### Your task
Using the data that follows, give again word for word the lines between the one holding "CROCODİLE MEKANİK KOLLU" and the one holding "Cornhole Bildung Ist", inclusive. Omit the pictures.

### Dataset

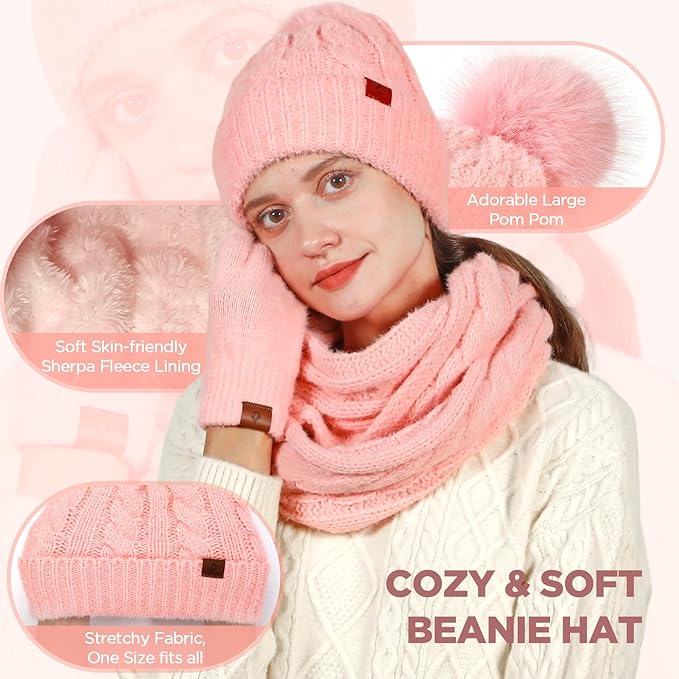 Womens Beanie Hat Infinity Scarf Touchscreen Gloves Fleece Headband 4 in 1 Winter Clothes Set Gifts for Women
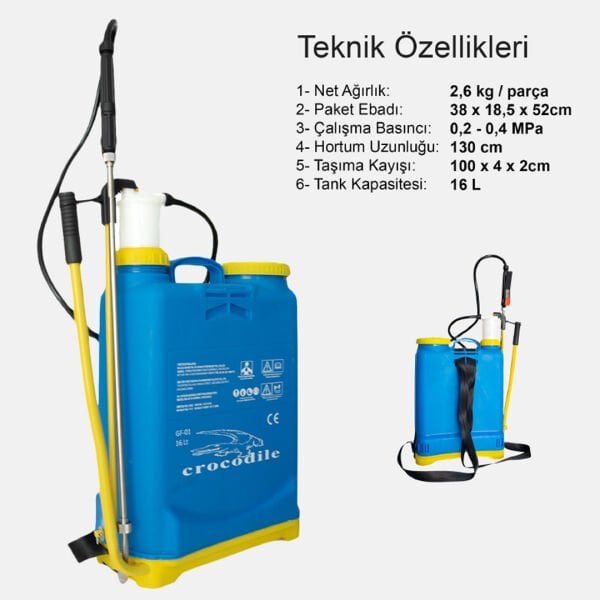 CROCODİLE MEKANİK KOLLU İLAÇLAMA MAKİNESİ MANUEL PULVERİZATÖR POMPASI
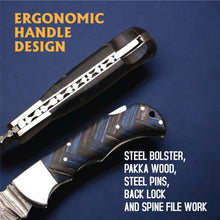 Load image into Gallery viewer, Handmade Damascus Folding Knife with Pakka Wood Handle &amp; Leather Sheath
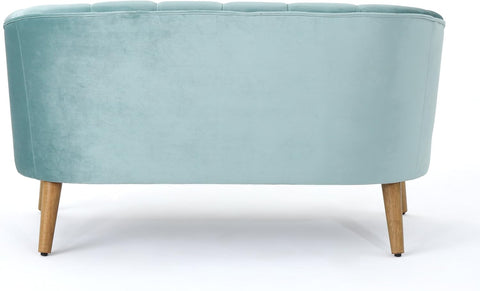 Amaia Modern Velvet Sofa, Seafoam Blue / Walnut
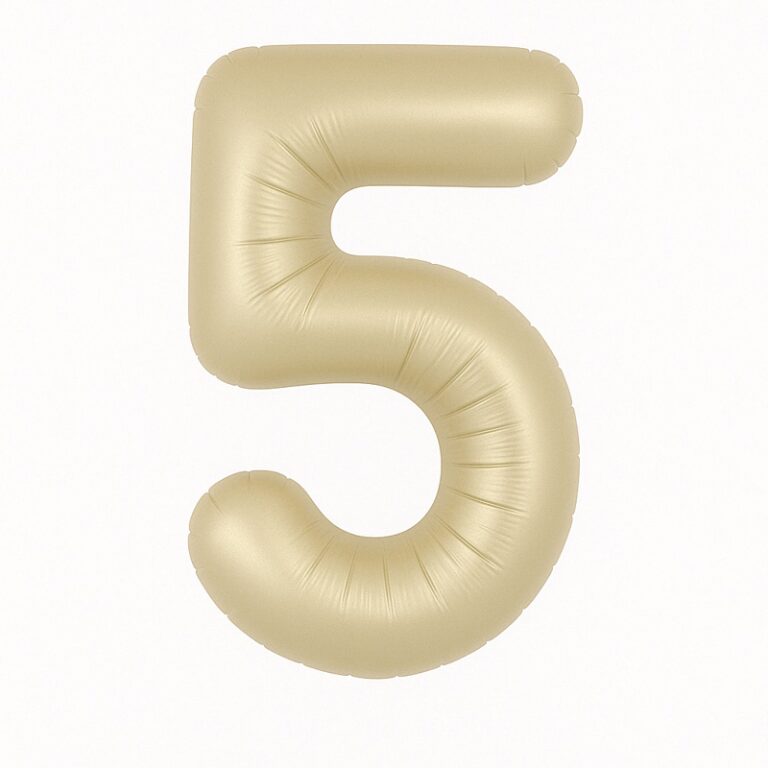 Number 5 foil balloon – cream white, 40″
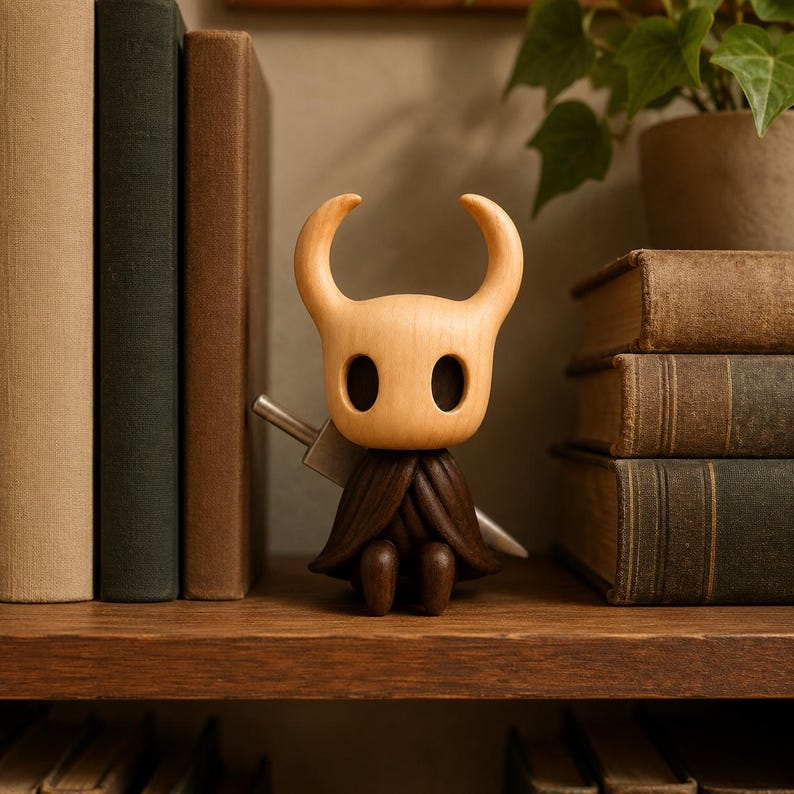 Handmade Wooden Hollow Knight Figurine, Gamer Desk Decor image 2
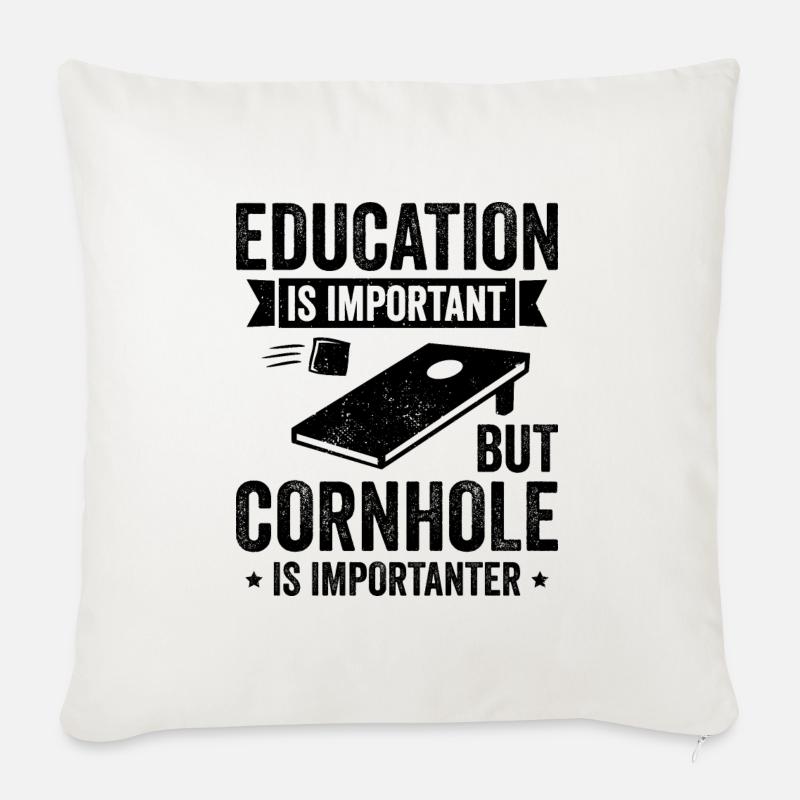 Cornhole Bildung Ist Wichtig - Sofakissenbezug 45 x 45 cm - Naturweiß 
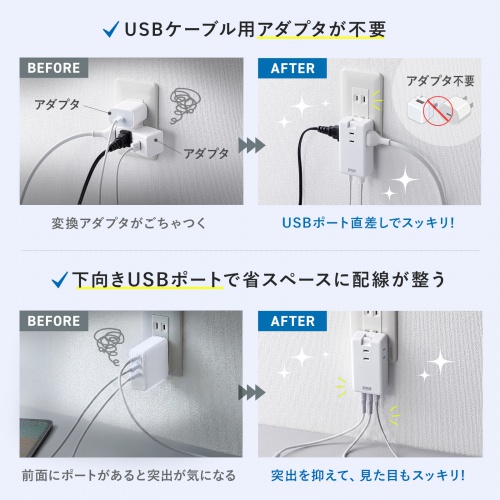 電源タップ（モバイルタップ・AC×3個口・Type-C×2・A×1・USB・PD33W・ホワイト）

...

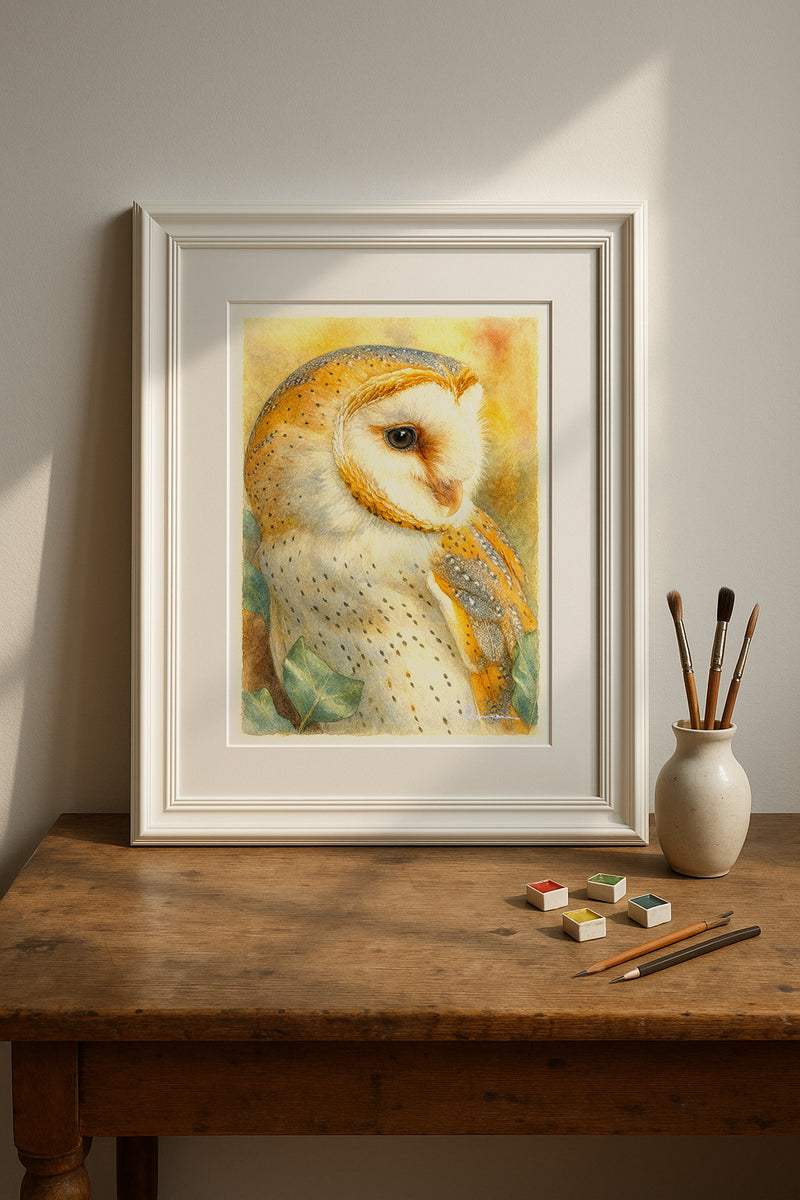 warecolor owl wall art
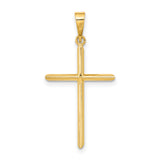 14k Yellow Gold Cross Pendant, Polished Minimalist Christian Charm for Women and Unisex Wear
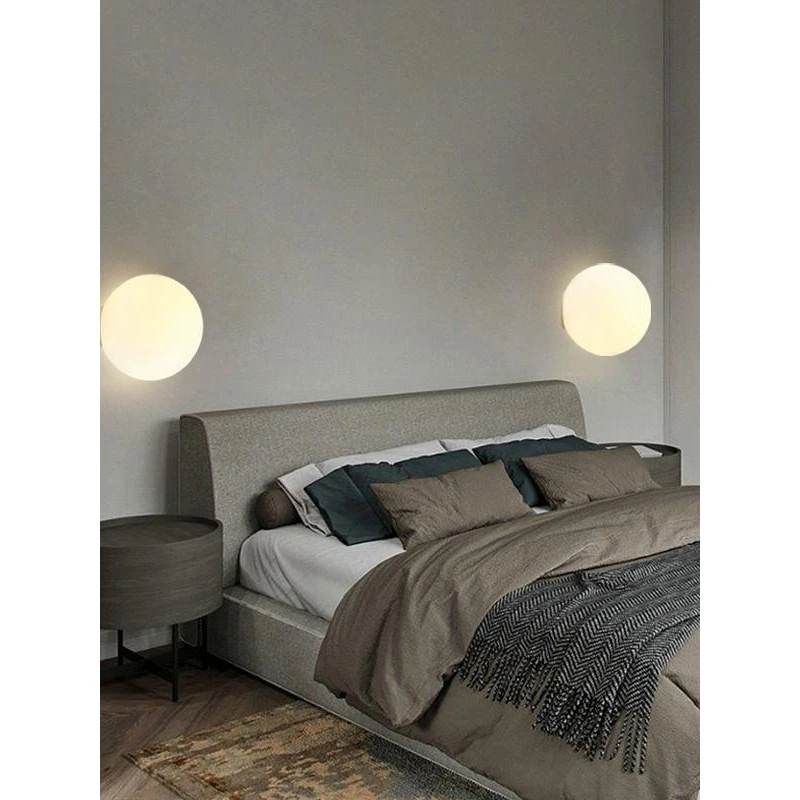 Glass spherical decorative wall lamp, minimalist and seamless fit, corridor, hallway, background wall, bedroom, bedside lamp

...

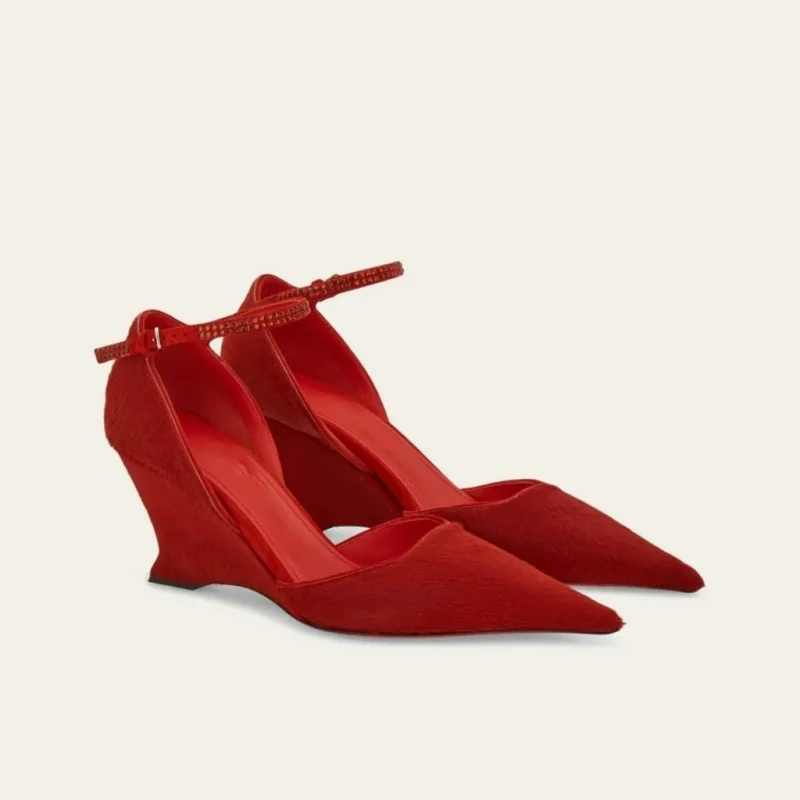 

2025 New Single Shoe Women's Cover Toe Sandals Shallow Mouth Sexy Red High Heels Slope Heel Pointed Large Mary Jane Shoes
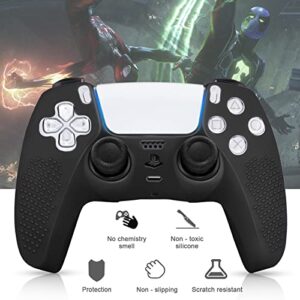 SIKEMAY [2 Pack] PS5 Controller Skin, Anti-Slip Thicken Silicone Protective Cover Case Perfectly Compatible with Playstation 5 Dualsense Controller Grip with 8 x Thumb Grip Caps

### Answer box
 CROCODİLE MEKANİK KOLLU İLAÇLAMA MAKİNESİ MANUEL PULVERİZATÖR POMPASI
 Load image into Gallery viewer, Handmade Damascus Folding Knife with Pakka Wood Handle &amp; Leather Sheath
 Amaia Modern Velvet Sofa, Seafoam Blue / Walnut
 Number 5 foil balloon – cream white, 40″
 Handmade Wooden Hollow Knight Figurine, Gamer Desk Decor image 2
 Cornhole Bildung Ist Wichtig - Sofakissenbezug 45 x 45 cm - Naturweiß 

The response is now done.